This whitepaper is for historical reference only. Some content might be outdated and some links might not be available.
Optimization
DL is simple in essence. In the last few years, AWS has achieved astonishing results on machine-perception problems with the help of simple parametric models trained with gradient descent (GD). Extending that, all that is needed at the core is sufficiently large parametric models trained with GD on a large dataset.
Creating a DL algorithm or identifying the algorithm to use and fine-tune is the first step. The next step for an enterprise is to derive business value out of the algorithm. That can be achieved only when the models are appropriately industrialized, scaled, and continuously improved. Ill-performing models negatively impact a business or organization’s bottom line. In Accenture’s talent and skilling solution, there are over 50 models running in Production, making a large-scale, smooth, operationalization process a necessity.
Optimization drivers
DL has positioned itself as an AI revolution and is here to stay. Some of the benefits of using DL models are:
-
Reusability
-
Scalability
Optimizing and scaling ML and DL models in production is a crucial set of tasks, and one that must be done with finesse. To maximize the benefits listed previously, a proper implementation approach must be taken.
Following are details on how it should be implemented for the industry use cases, taking the example of a few of the models. The same approach can be used for scaling many other DL models for new problems.
Fine-tuning and reuse of models
Periodically, businesses get updated training data from market
intelligence data sources on new market trends. There is always a
need to optimize the hyper-parameters of the TensorFlow BERT
classifier layer. For such cases, where the tuning job must be run
again with an updated dataset or a new version of the algorithm,
warm start with TRANSFER_LEARNING
as the start type helps reuse
the previous HPT job results, but along with new hyperparameters.
This speeds up converging on the best model faster.
This is particularly important in Enterprise AI systems, as multiple teams may want to reuse the models created. Training DL models from scratch requires a lot of GPU, compute, and storage resources. Model reuse across the organization helps in reducing costs. Therefore, a useful technique for model reuse is fine-tuning. Fine-tuning methodology involves unfreezing a few of the top layers of a frozen model base for feature extraction, and then jointly training both the newly added part of the model, which is the fully connected classifier and top layers. With this, a model can be reused for a different problem, and does not have to be re-trained, saving costs for the company.
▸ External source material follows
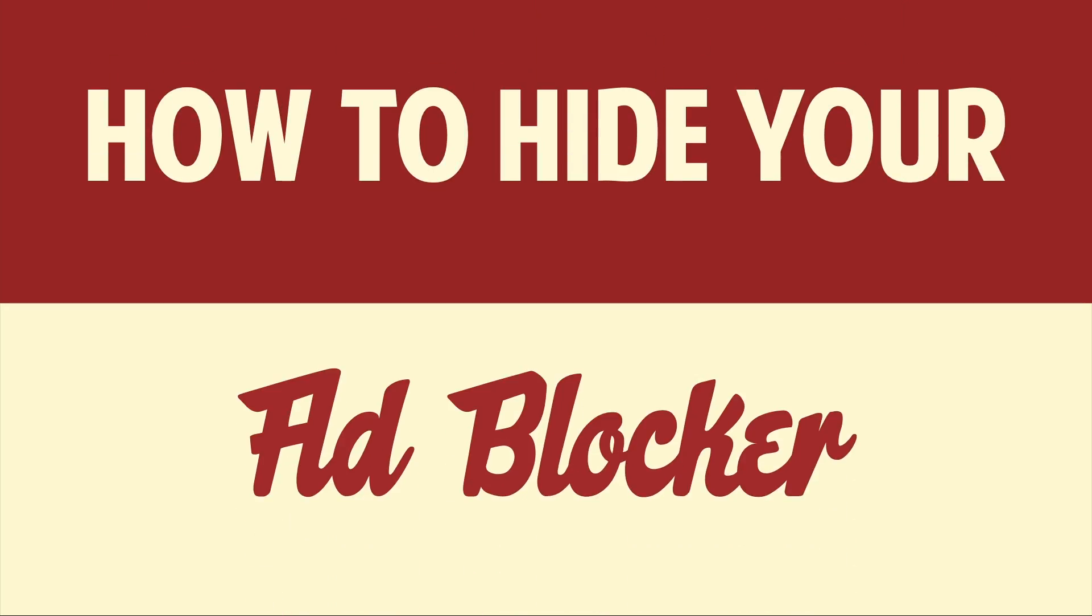Hello people! This is Matt Fisher back with another exciting tutorial. Today I'm going to show you how to hide your ad blocker from any website.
In the following sections, you will see how you can implement and scale the model fine-tuning strategies previously discussed, while maintaining a laser focus on the business metrics we need to attain.
WarmStartConfig
uses one or more of the previous hyper-parameters
tuning job runs called the parent jobs, and
needs a WarmStartType
.
from sagemaker.tensorflow import TensorFlow estimator = TensorFlow( entry_point="tf_bert_reviews.py", source_dir="src", role=role, instance_count=train_instance_count, instance_type=train_instance_type, volume_size=train_volume_size, py_version="py37", framework_version="2.3.1", hyperparameters={ "epochs": epochs, "epsilon": epsilon, "validation_batch_size": validation_batch_size, "test_batch_size": test_batch_size, "train_steps_per_epoch": train_steps_per_epoch, "validation_steps": validation_steps, "test_steps": test_steps, "use_xla": use_xla, "use_amp": use_amp, "max_seq_length": max_seq_length, "enable_sagemaker_debugger": enable_sagemaker_debugger, "enable_checkpointing": enable_checkpointing, "enable_tensorboard": enable_tensorboard, "run_validation": run_validation, "run_test": run_test, "run_sample_predictions": run_sample_predictions, }, input_mode=input_mode, metric_definitions=metrics_definitions,
Setting up HyperparameterTuner
with WarmStartConfig
, including new
hyper-parameter ranges.
objective_metric_name = "train:accuracy" tuner = HyperparameterTuner( estimator=estimator, objective_type="Maximize", objective_metric_name=objective_metric_name, hyperparameter_ranges=hyperparameter_ranges, metric_definitions=metrics_definitions, max_jobs=2, max_parallel_jobs=1, strategy="Bayesian", early_stopping_type="Auto", warm_start_config=warm_start_config, )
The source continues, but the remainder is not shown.